# motor for 12ft jon



## katorade (Sep 23, 2007)

Whats a good motor for a john boat I want to troll and go duck hunting in it just somthing better then paddling Would electric be good are they more expensive.

Thanks


----------



## k2muskie (Oct 6, 2007)

IMHO I believe electric would be your best bet for fish troll'n. I've seen numerous smaller boats/canoe's/tooners with electric. However, I don't hunt...soooo a motor for the marshes and duck hunt'n I haven't a clue :? .

:wink: :wink:


----------



## katorade (Sep 23, 2007)

Yea how much do they usually run in price.


----------



## k2muskie (Oct 6, 2007)

katorade said:


> Yea how much do they usually run in price.

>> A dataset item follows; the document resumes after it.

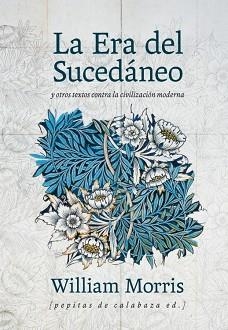 LA ERA DEL SUCEDáNEO | 9788415862512 | MORRIS, WILLIAM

Well I would think you could get into a top of the line electric motor decked out for your size boat for a around a grand or less including the battery.

Biggest questions you have to ask yourself are these:

Who will be in the boat with you fish'n/hunt'n??

How long a shaft to get??

How much thrust you want to muster??

:wink: :wink:


----------



## katorade (Sep 23, 2007)

Thanks I will read up so more thanks again k2


----------



## Grandpa D (Sep 7, 2007)

You can get a 36# thrust electric motor for under $200.00 and then add the price of a Marine Battery.[$100.00+ box]

If you are going to use the boat for Duck Hunting, you may want to try a Mud Buddy Motor.
These are a lot more money but work better than any other motor for Duck Hunting.

Try the electric first and see how it does.
Look on KSL want adds for a used one or ask if anyone here has one for sale.


----------